CRAIG DUNBAR reports fron the Isle of Mull

The Commonwealth Games may have begun in Glasgow the previous evening but there is no doubt where the smart crowds were headed on Thursday morning – Erray Park, Tobermory, for the annual Mull Highland Games. The embankment which converts the fairway of the local Golf Course into an amphitheatre of Ben Hur style proportions was filling with enthusiastic spectators from before nine o’clock and the biggest crowd in years had chosen wisely as the action was non stop all the way through until the close of play.

Locals, youths, Scottish and international competitors graced the park with first win of the day going to Buckinghamshire based Karl Goodman in the 100 yards scratch race in a time of 10.59 seconds. Photo fionish equipment was being used at Tobermory for the first time and it was not long before it was being called into play in the handicap 100 yards. After some deliberations, the judges awarded the first two places to Australian runners, Sonia Pollard and John Hilditch with Denny’s Liam Halliday, in his first visit to Mull Games, in third. He went one better in the 220 yards, coping well with the tight right hand bend at the top of the course, one of the few places where races are run in the old direction! His time of 25 seconds dead was a credit in blistering conditions and with no breeze for respite.
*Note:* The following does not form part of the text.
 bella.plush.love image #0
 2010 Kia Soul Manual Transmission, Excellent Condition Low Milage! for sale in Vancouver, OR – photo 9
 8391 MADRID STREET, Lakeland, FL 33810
Colin Welsh of Kelso, a regular at Mull, had come over on the first ferry to take part in the distance races but was edged out of first place by well know local Matthew Turner of Campbeltown in the scratch half mile which was won in 2m 20.30s.. The handicap race went to veteran Donald Bradley from Inverness whose son Ewan was also taking part with some distinction in the local jumps and races. Second to Donald was Kenny Short of Hawick who had been running all week since Rosneath. Matthew Turner ran a blinder from the back mark to grab third place on the line. He timed his race to perfection in the longest race on the card, the mile, moving through the field at a sensible pace in the temperatures which had by then reached 27 degrees and moving into first place with 180 yards to go.
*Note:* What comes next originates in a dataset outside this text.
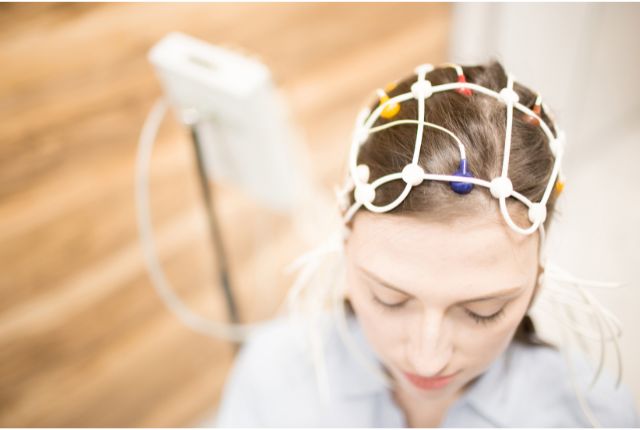 Électroencéphalogramme (EEG) : définition et indications | Elsan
The light field events have always been an integral part of the Mull programme. Antony Daffurn of Coatbridge took the long and triple jump events although the ground records eluded him. He did not participate in the high jump which was won by Angus Sinclair of Colintraive whose attempt to break the 59 year old local record – and to take the £100 additional purse for so doing - just failed by the narrowest of margins, clipping the bar with his heels, his torso having cleared the bar. Perhaps next year!

Lorne Colthart had a great day at the heavy events, winning 6 events outright and sharing the spoils in the weight over the bar. A newcomer to Mull was German Torson Huelsemann who took third in the light stone with Scots Bruce Robb and Neil Elliott sharing the majority of the remainder of the places between them. With World Caber Champion Scott Rider of Kent at the Commonwealth Games, it was Colthart who took the caber contest at Mull.

While all of these events are taking place, Lochgilphead’s Commonwealth Games Baton Bearer, Billy MacCallum is organising, with son Stuart, the locals’ and youths’ light field events and Craig Tomison of Ulva Ferry was out on the golf course wining the Chieftain’s Race. The children’s races just get bigger and bigger every year but the largest fields of the day were reserved for the Visitors’ Races which saw bumper entries with over 40 men heading down the hill from the start to Mull’s equivalent of Aintree’s Canal Turn after thirty yards. Fortunately this year, no fallers!

Mull’s Highland Games and the Commonwealth Games are of similar vintage. On a day like yesterday though, with all that Erray Park had to offer, there is no doubt where the well informed sportsman was to be found.